Desamores funestos

Carlos Miranda
Por
— P U B L I C I D A D —

Evaristo llega a la terraza de mi bar favorito con un libro de historia de Francia en la mano y el ceño fruncido. Los eficaces androides que lo regentan, ANDREA y SAM, nos han dispuesto nuestras consumiciones. Aciertan sin preguntar gracias a su inteligencia artificial…

—A Luis XV de Francia hubo que enterrarle a escondidas y de noche a pesar de haber iniciado su reinado con gran popularidad, dice mi sobrino.

—Ya ves, comento.

—A pesar de su esplendor solar y de meter en cintura a su aristocracia, su tatarabuelo y predecesor en el trono, Luis XIV, acabó su reinado con su poder y prestigio erosionados y Francia arruinada, además de casarse morganáticamente con la institutriz de sus hijos ilegítimos, su última amante, amplía Evaristo.
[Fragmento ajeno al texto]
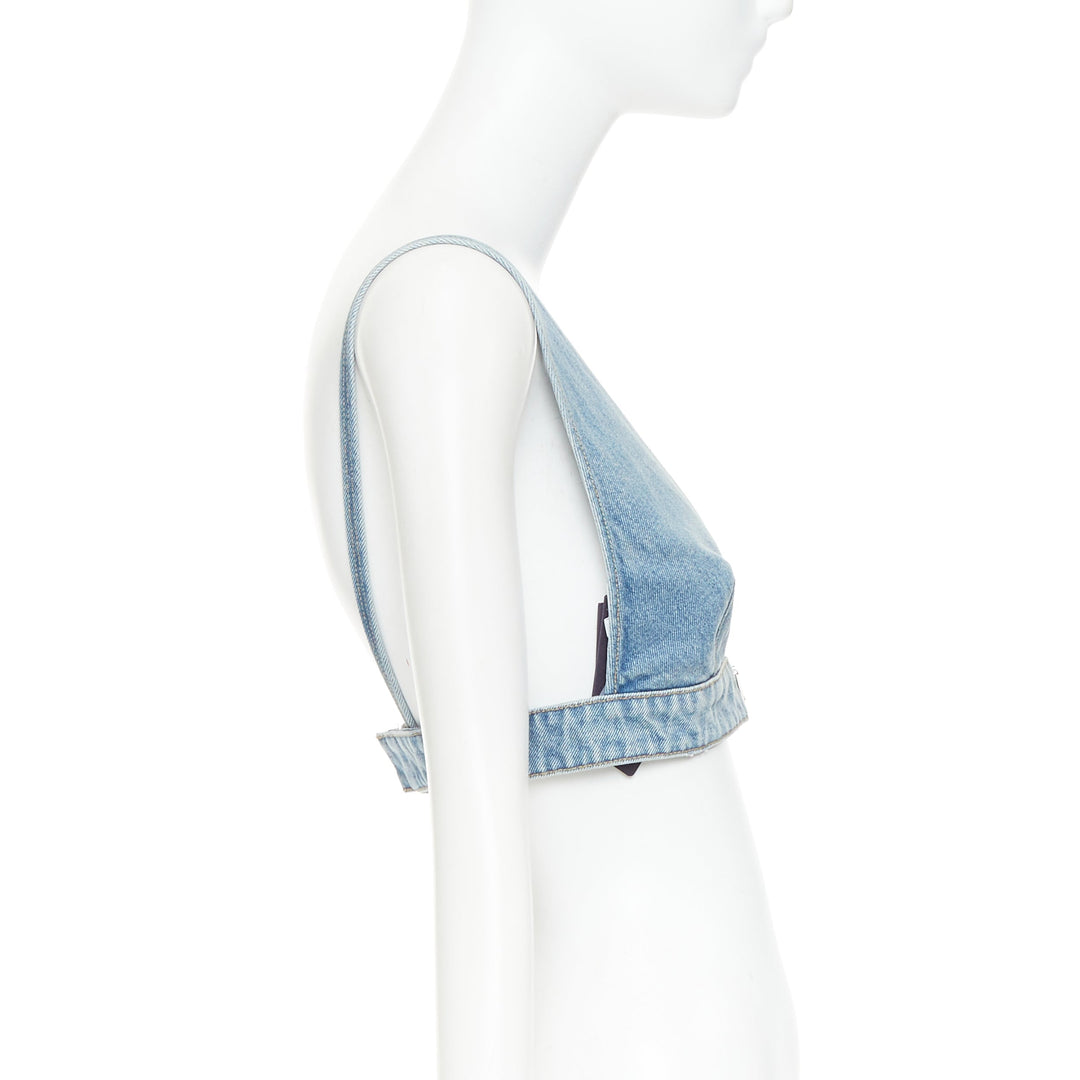 PRADA 2021 Organic Denim Bralette blue washed triangle logo plunge top IT42 M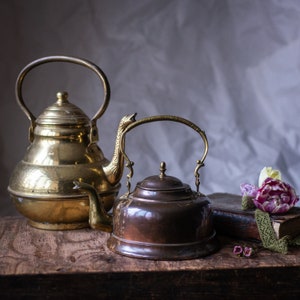 Vintage brass kettle, retro teapot, metal tea maker, 1970s vintage kitchen decor, German teapot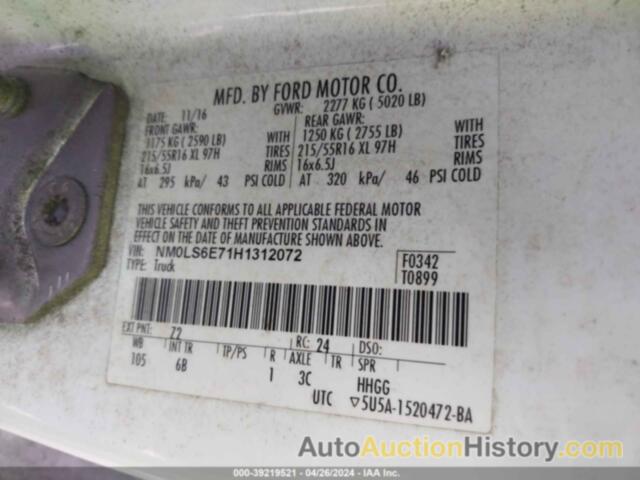 FORD TRANSIT CONNECT XL, NM0LS6E71H1312072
 —Sin duda, admito, pero la revolución francesa fue un fracaso gubernativo, sin olvidar a Robespierre y su guillotina. Más adelante, Napoleón dio un golpe de Estado (18 Brumario) por la debilidad del Directorio. Luego sucumbió al halago o a la ambición y, tras el Consulado, acabó coronándose como Emperador. Después de dar mucha gloria guerrera fue derrotado y su país otra vez exangüe y arruinado.

 “Es curioso como en Francia consiguen tener la misma admiración por dos cosas tan contradictorias como la Revolución y Napoleón”, se extraña SAM.

—Contradicciones de la vida, señalo, y eso que la parentela del Bonaparte se aprovechó mucho de la fortuna de tener a un Emperador en la familia …

—La popularidad de las grandes figuras históricas es algo misterioso, aventura Evaristo, y depende de las circunstancias del momento. Una trayectoria personal puede ser contradictoria con el simbolismo político de un gobernante.

 “Ninguno de los citados actuaron en verdaderas democracias liberales tal como las conciben ustedes hoy en día”, señala ANDREA. En esos tiempos los franceses fueron del absolutismo a una autocracia “napoleoniense” pasando por el caos. En cualquier caso, las familias de los poderosos siempre sacan tajada con cierta impunidad, sobre todo en ausencia de transparencia y rendición de cuentas. Con Napoleón III, su medio hermano, el Duque de Morny, se puso las botas”.

 —En efecto. El segundo Emperador francés, señalo, dejó un legado importante a lo largo de sus 22 años de gobernanza autoritaria y populista legitimada por el aura de su tío corso, pero la imagen triunfalista se hundió con su terrible derrota de Sedan ante los alemanes que se estaban constituyendo como Estado.

 —Igual de mala fue la de Waterloo para el primer Napoleón, pero su prestigio no sufrió como en el caso del sobrino, señala Evaristo.

 “Ya dijo el Presidente estadounidense Carter que la vida no es justa”, interviene de un modo pesimista SAM, de vuelta de servir una mesa. “Lo importante, para un personaje público, es lo que representa”.

 —Algunos consiguen comportarse de cualquier manera como Stalin, Mao y otros más incluso en democracias, interviene Evaristo. Afortunadamente, eso se hace cada vez más difícil.

 —Frente a los excesos y las épicas, lo esencial es la ejemplaridad, afirmo, muy valiosa cuando quien la demuestra cumple con su deber a pesar de que los que le rodean incumplan el suyo.

 “Bien dicho”, señala ANDREA. SAM propone una pequeña fabula moderna que un cliente le ha contado: “Era el cumpleaños de un príncipe en un país fabuloso. Unas hadas depositaron, para él, una tarta en una mesa del palacio. Sus hermanas llegaron antes. Soplaron las velas y se comieron todo el pastel. Luego, se marcharon riéndose y cotilleando sus chismes, sin importarles el hermano…“.  “No entendieron su razón de ser en este mundo”, apostilla ANDREA a modo de moraleja. La llama del calentador de butano vacila y SAM cambia enseguida la bombona.

 —¿Así acaba la historia?, pregunta Evaristo, obviamente escandalizado por la actitud de las hermanas.

 —No, le respondo. Yo también conozco este cuento.

 —Y…

 —Pues, molestas con las hermanas, las hadas convocaron un dragón que se las llevó a otro lugar donde ya no eran nadie.